(Raw data)
....
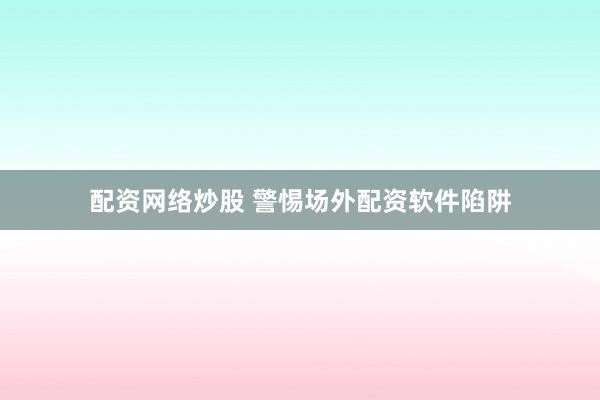配资网络炒股 警惕场外配资软件陷阱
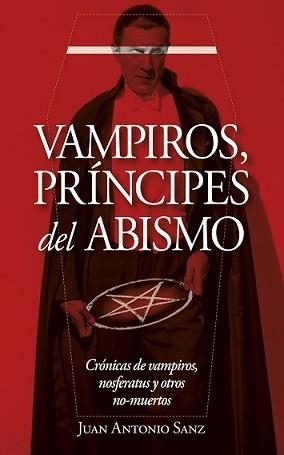 VAMPIROS, PRÍNCIPES DEL ABISMO | 9788417828455 | SANZ LÓPEZ, JUAN ANTONIO | Llibres Parcir | Llibreria Parcir | Llibreria online de Manresa | Comprar llibres en català i castellà online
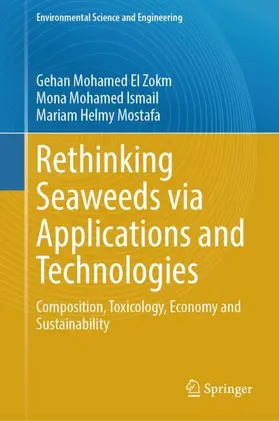 El Zokm / Ismail / Mostafa |  Rethinking Seaweeds via Applications and Technologies | Buch |  Sack Fachmedien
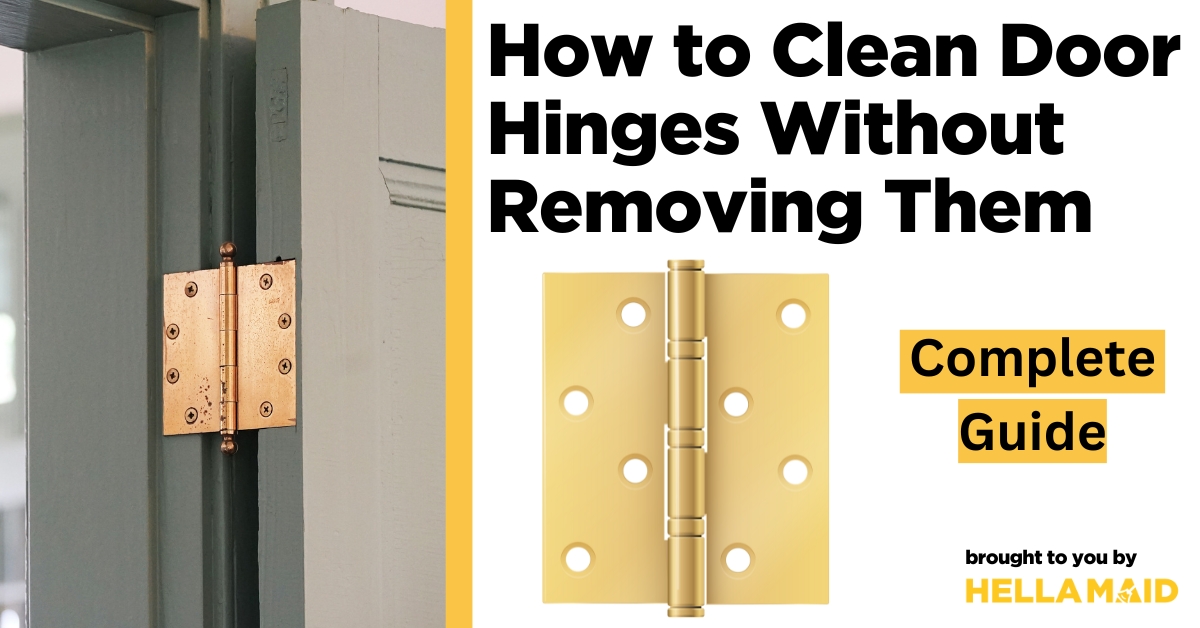 How to Clean Door Hinges Without Removing Them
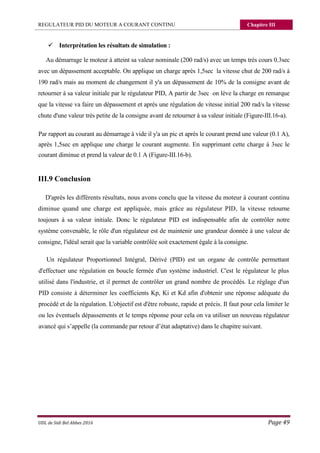 REGULATEUR PID DU MOTEUR A COURANT CONTINU Chapitre III
UDL de Sidi Bel Abbes 2016 Page 49
 Interprétation les résultats de simulation :
Au démarrage le moteur à atteint sa valeur nominale (200 rad/s) avec un temps très cours 0.3sec
avec un dépassement acceptable. On applique un charge après 1,5sec la vitesse chut de 200 rad/s à
190 rad/s mais au moment de changement il y'a un dépassement de 10% de la consigne avant de
retourner à sa valeur initiale par le régulateur PID, A partir de 3sec on lève la charge en remarque
que la vitesse va faire un dépassement et après une régulation de vitesse initial 200 rad/s la vitesse
chute d'une valeur très petite de la consigne avant de retourner à sa valeur initiale (Figure-III.16-a).
Par rapport au courant au démarrage à vide il y'a un pic et après le courant prend une valeur (0.1 A),
après 1,5sec en applique une charge le courant augmente. En supprimant cette charge à 3sec le
courant diminue et prend la valeur de 0.1 A (Figure-III.16-b).
III.9 Conclusion
D'après les différents résultats, nous avons conclu que la vitesse du moteur à courant continu
diminue quand une charge est appliquée, mais grâce au régulateur PID, la vitesse retourne
toujours à sa valeur initiale. Donc le régulateur PID est indispensable afin de contrôler notre
système convenable, le rôle d'un régulateur est de maintenir une grandeur donnée à une valeur de
consigne, l'idéal serait que la variable contrôlée soit exactement égale à la consigne.
Un régulateur Proportionnel Intégral, Dérivé (PID) est un organe de contrôle permettant
d'effectuer une régulation en boucle fermée d'un système industriel. C'est le régulateur le plus
utilisé dans l'industrie, et il permet de contrôler un grand nombre de procédés. Le réglage d'un
PID consiste à déterminer les coefficients Kp, Ki et Kd afin d'obtenir une réponse adéquate du
procédé et de la régulation. L'objectif est d'être robuste, rapide et précis. Il faut pour cela limiter le
ou les éventuels dépassements et le temps réponse pour cela on va utiliser un nouveau régulateur
avancé qui s’appelle (la commande par retour d’état adaptative) dans le chapitre suivant.
 
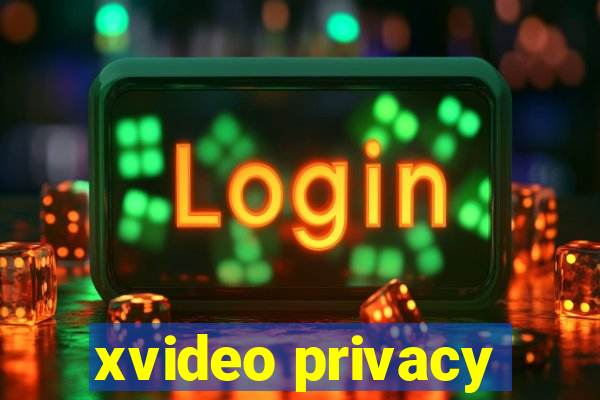 xvideo privacy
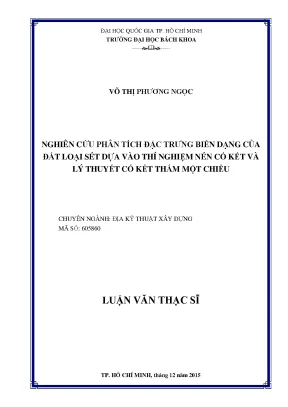 Luận văn thạc sĩ địa kỹ thuật xây dựng nghiên cứu phân tích đặc trưng biến dạng của đất loại sét dựa vào thí nghiệm nén cố kết và lý thuyết cố kết thấm một chiều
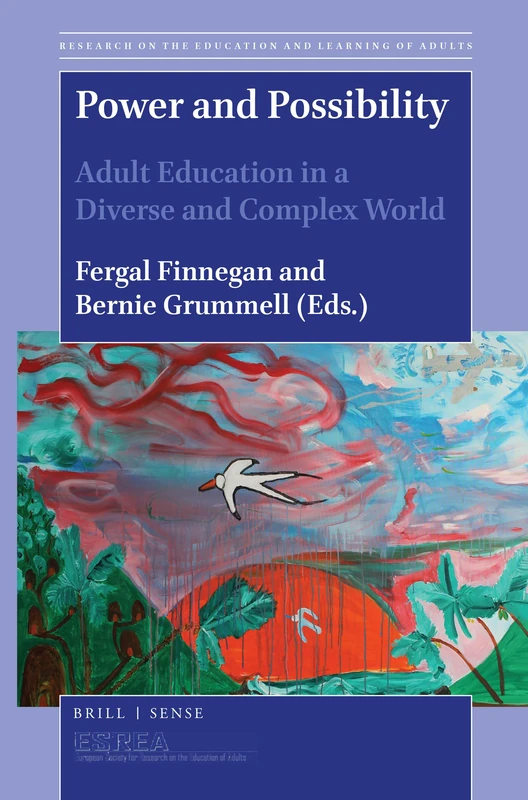 Power and Possibility: Adult Education in a Diverse and Complex World: 7 (Research on the Education and Learning of Adults, 7)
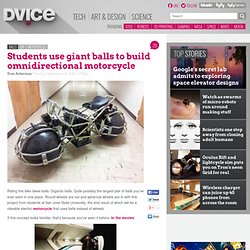 Students use giant balls to build omnidirectional motorcycle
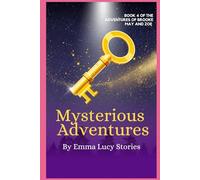 Mysterious Adventures (book 4 of the adventures of Brooke May and Zoe)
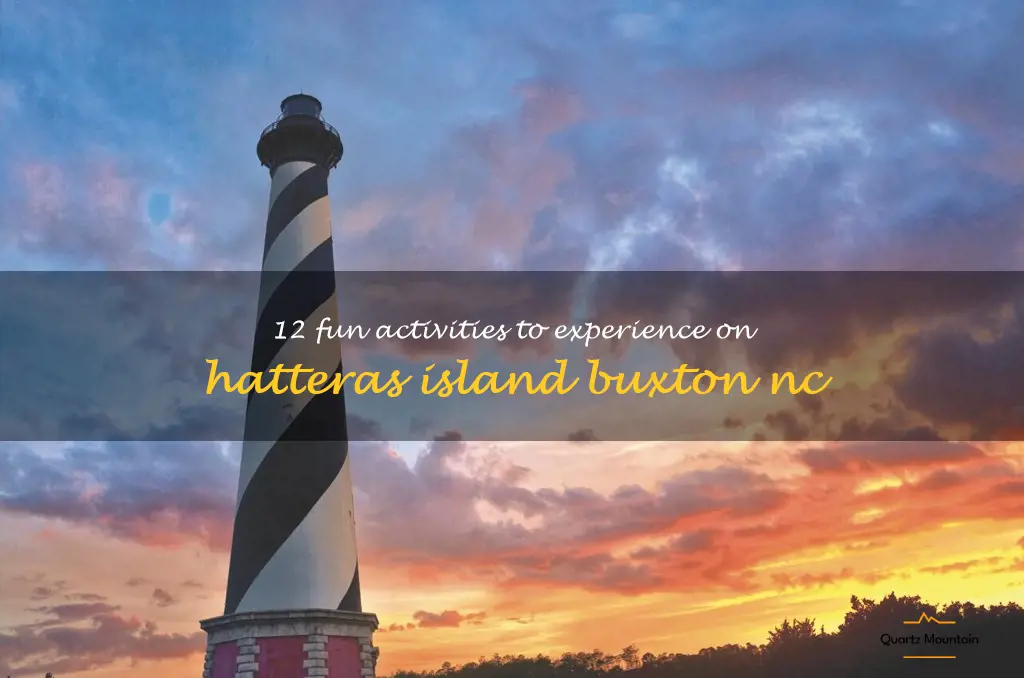 things to do on hatteras island buxton nc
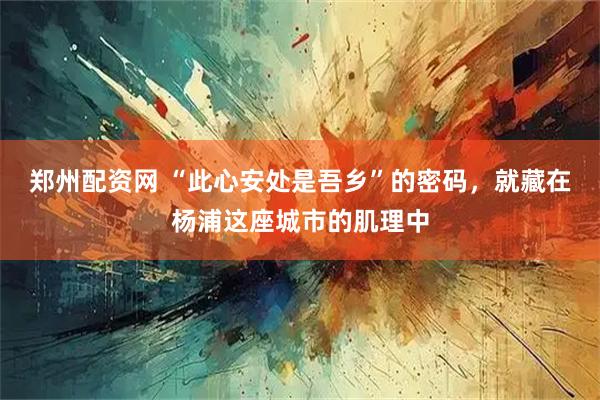 郑州配资网 “此心安处是吾乡”的密码，就藏在杨浦这座城市的肌理中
....
(Assigned task) Line by line, check the listing above for the string "pour" and say how many lines have it, giving the number alone.

(Your response) 2